PLATITUDES
PLATITUDES
Projection, Cardboard, Chrome, and Glass Mirror
A Narrative
I watched this elderly man for some while, drawing in an art class at Aspex in Portsmouth. He had Alzheimer and I could almost feel his hesitant mind trying to map; forcefully connecting resistant parts of the brain and turning ideas slowly as he contemplated the array of pens he had accumulated in front of him. His laboured considerations only countered by his surprisingly decisive “murmurations” of marks, which slowly coagulated into something tangible and eventually filling the available space on the paper.
The Boîte-en-Valise project had an oddly disjointed timeline in a similar way to my experiences reflecting on the Alzheimer group. Nothing flowed logically; encounters gained significance later in the project, slightly out of kilter with the program. At first, I felt the community engagement was a bit of a miss match to the inflatable sculptures I had been working on. The inflatables came about through a search for empathy with the much-copied image of the little three-year old Syrian boy washed up dead on a Turkish beach. What drives a family to take such risks? What is the morality of looking at the image of a dead child? Why does it take the body of a child to prick the hierarchy of our moral conscience and provoke action? I wanted to start building these inflated life rooms; I wanted to inflate everything to turn it into a life preserver.

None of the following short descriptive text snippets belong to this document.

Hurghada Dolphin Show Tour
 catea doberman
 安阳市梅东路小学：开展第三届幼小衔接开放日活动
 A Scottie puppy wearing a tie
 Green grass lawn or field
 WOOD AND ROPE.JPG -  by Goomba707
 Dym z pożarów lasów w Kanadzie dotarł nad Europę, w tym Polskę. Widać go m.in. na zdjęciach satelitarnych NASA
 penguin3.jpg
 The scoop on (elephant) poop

I am an immigrant, but not the one you imagine when you close your eyes. My children are refugees but not the ones you picture when you are asked to think on status. Much of what I have been thinking about throughout this project is to investigate the lived life, to find an equivalence of experience or at least one I can recall from my past. However, despite sharing some of the language of displaced people in the naming of my status, migrant or outsider, words that might draw understanding actually just widens the gulf between us.
I have taken Boîte-en-Valise and the Generator project as an opportunity to accumulate an ongoing series of experiences that I have continued to make work alongside. It has allowed short periods of public engagement to generate quite radical change to my practice, which might have never happened.
Venice was extraordinary, an opportunity to test work at a platform where I want my practice to be seen regularly. It was short and sharp but very positive. The project was one of constant flux and accumulation, from the US to UK to Venice and back, a shared experience between artists, curators and community groups and individuals.
In the return show to Syracuse the generative lag-time meant that the Portsmouth Alzheimer workshop was just being processed into my thoughts. The man’s fractal perception of his world mirrored what I was experiencing. I have started to work with immigrant groups and activists here in Syracuse, found old churches that are now mosques and towns that are named Hope. I feel things changing again.